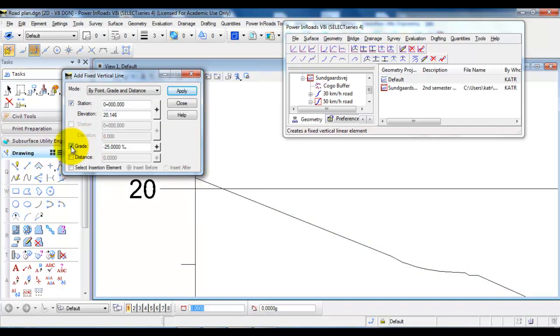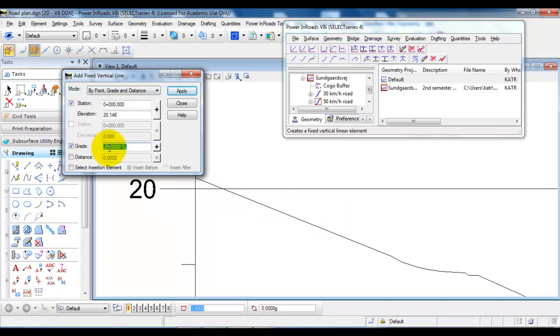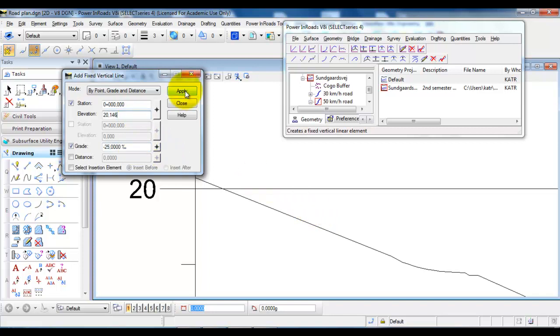And also I can specify a gradient and in this case since I have a downward slope I will start by typing in minus. And I want the first part to have a gradient of 25 per mil so it will be 0.025. And afterwards select apply.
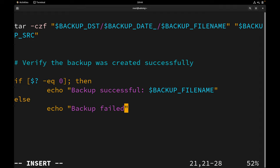Otherwise, it will say 'backup failed'. If the exit status of the tar command is zero then backup was successful, otherwise backup failed. You can also add alerts — like sending an email or message when backup fails — but that's a topic for another video. Anyway, let's test the script.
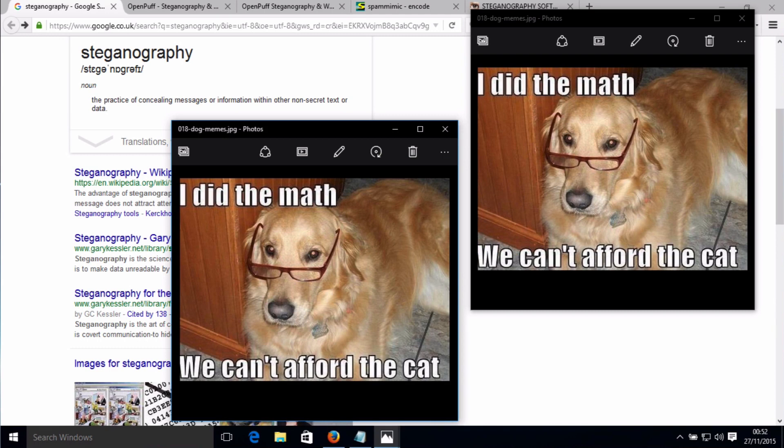Steganography is the practice of concealing information or files within other non-secret text or data. It is called hiding data in plain sight. You could, for example, hide a text file containing secret information within an image file like this dog file here. The image file would look like a normal image but would contain the secret message. The file containing the secret data is called the carrier. The modified carriers will look like the original files without perceivable changes.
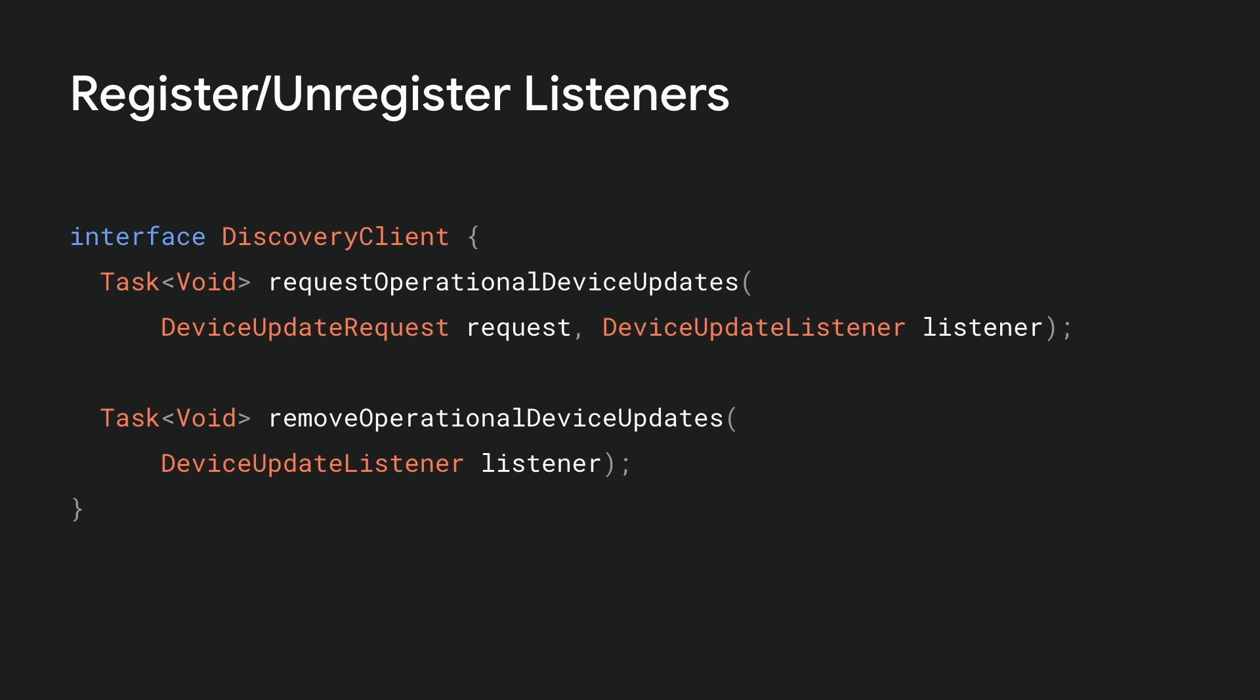After you're finished, you can remove a previously registered listener using remove operational device updates.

-- -- --

- _PROBLEM TO WORK ON_
Leave out the pictures. Transcribe only the lines above, from the first through the one that contains "Otherwise, it will".

- _WRITTEN RESPONSE_
And also I can specify a gradient and in this case since I have a downward slope I will start by typing in minus. And I want the first part to have a gradient of 25 per mil so it will be 0.025. And afterwards select apply.
Otherwise, it will say 'backup failed'. If the exit status of the tar command is zero then backup was successful, otherwise backup failed. You can also add alerts — like sending an email or message when backup fails — but that's a topic for another video. Anyway, let's test the script.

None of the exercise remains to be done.